┌─ Available data
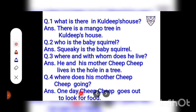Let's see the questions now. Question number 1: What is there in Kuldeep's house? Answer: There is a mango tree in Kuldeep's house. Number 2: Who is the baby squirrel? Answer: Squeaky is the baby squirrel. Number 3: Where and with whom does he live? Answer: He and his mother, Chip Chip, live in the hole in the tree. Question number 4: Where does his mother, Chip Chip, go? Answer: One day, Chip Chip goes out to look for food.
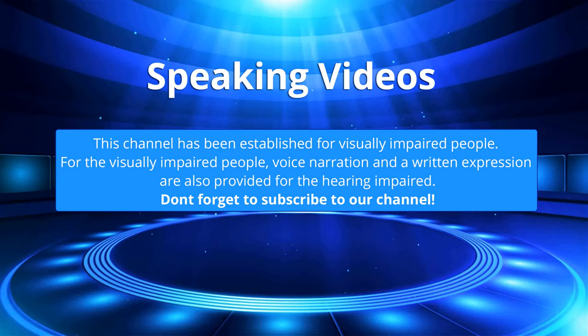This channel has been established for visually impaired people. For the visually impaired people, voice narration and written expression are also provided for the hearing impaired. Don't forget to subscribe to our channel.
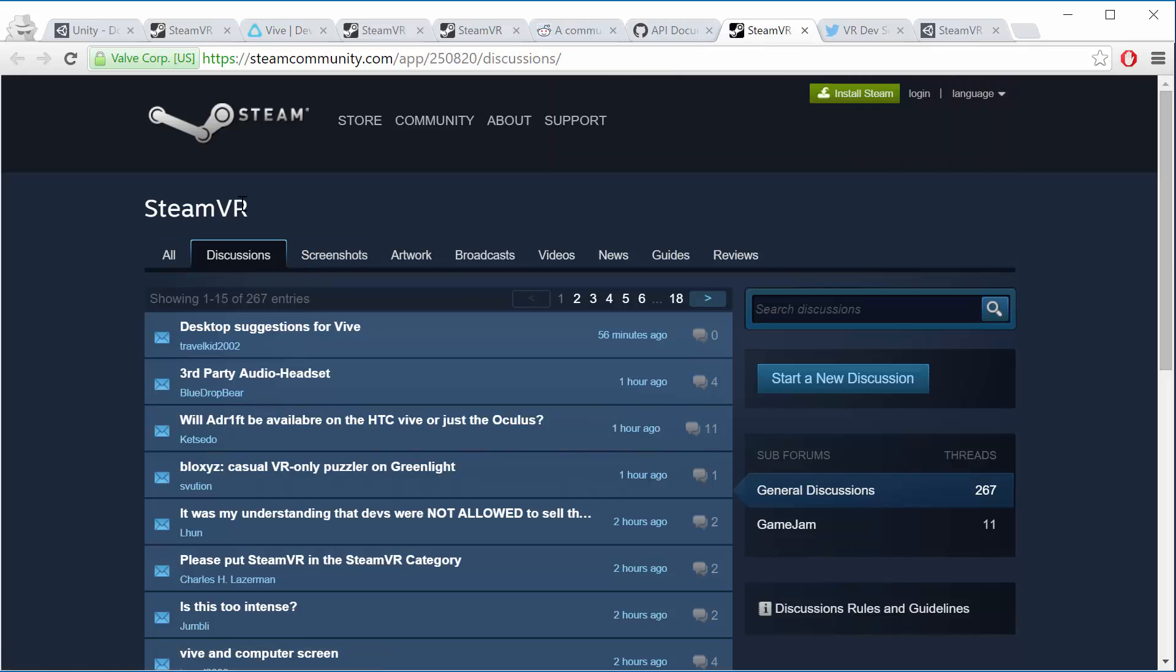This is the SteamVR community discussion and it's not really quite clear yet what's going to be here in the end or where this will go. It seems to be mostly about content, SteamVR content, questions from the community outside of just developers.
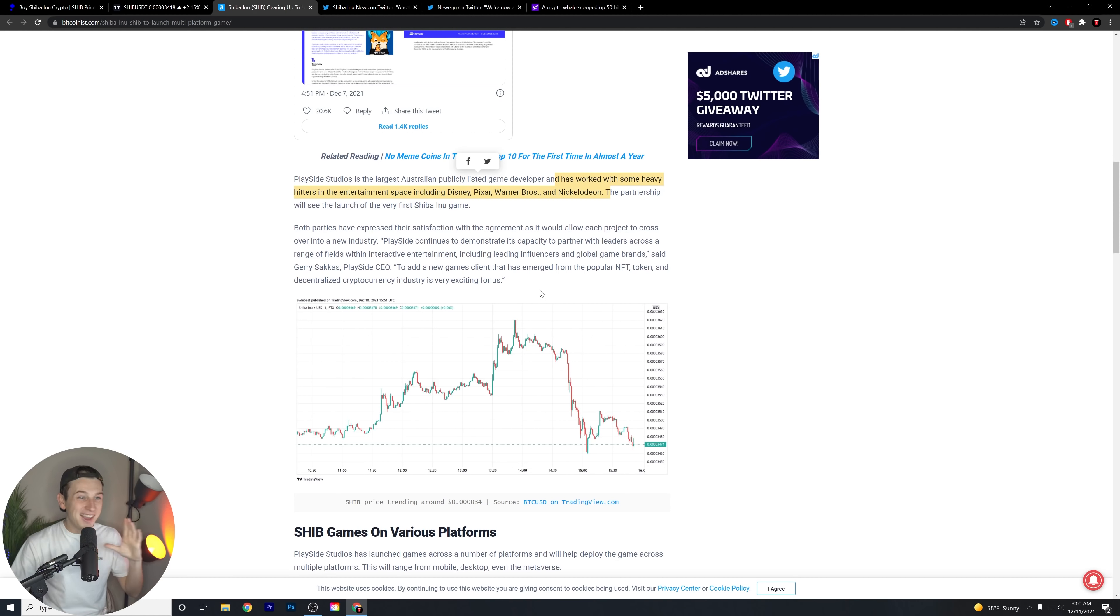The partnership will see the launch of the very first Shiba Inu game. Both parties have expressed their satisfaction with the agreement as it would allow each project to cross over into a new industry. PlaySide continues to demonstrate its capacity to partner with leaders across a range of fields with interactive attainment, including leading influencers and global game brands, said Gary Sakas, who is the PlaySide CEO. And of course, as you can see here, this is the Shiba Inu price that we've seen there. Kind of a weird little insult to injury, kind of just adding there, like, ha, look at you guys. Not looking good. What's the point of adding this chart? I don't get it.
└─
▶ Work item:
Would you transcribe the listing above line by line, exactly, leaving every picture out?

▶ Solution for this exercise:
Let's see the questions now. Question number 1: What is there in Kuldeep's house? Answer: There is a mango tree in Kuldeep's house. Number 2: Who is the baby squirrel? Answer: Squeaky is the baby squirrel. Number 3: Where and with whom does he live? Answer: He and his mother, Chip Chip, live in the hole in the tree. Question number 4: Where does his mother, Chip Chip, go? Answer: One day, Chip Chip goes out to look for food.
This channel has been established for visually impaired people. For the visually impaired people, voice narration and written expression are also provided for the hearing impaired. Don't forget to subscribe to our channel.
This is the SteamVR community discussion and it's not really quite clear yet what's going to be here in the end or where this will go. It seems to be mostly about content, SteamVR content, questions from the community outside of just developers.
The partnership will see the launch of the very first Shiba Inu game. Both parties have expressed their satisfaction with the agreement as it would allow each project to cross over into a new industry. PlaySide continues to demonstrate its capacity to partner with leaders across a range of fields with interactive attainment, including leading influencers and global game brands, said Gary Sakas, who is the PlaySide CEO. And of course, as you can see here, this is the Shiba Inu price that we've seen there. Kind of a weird little insult to injury, kind of just adding there, like, ha, look at you guys. Not looking good. What's the point of adding this chart? I don't get it.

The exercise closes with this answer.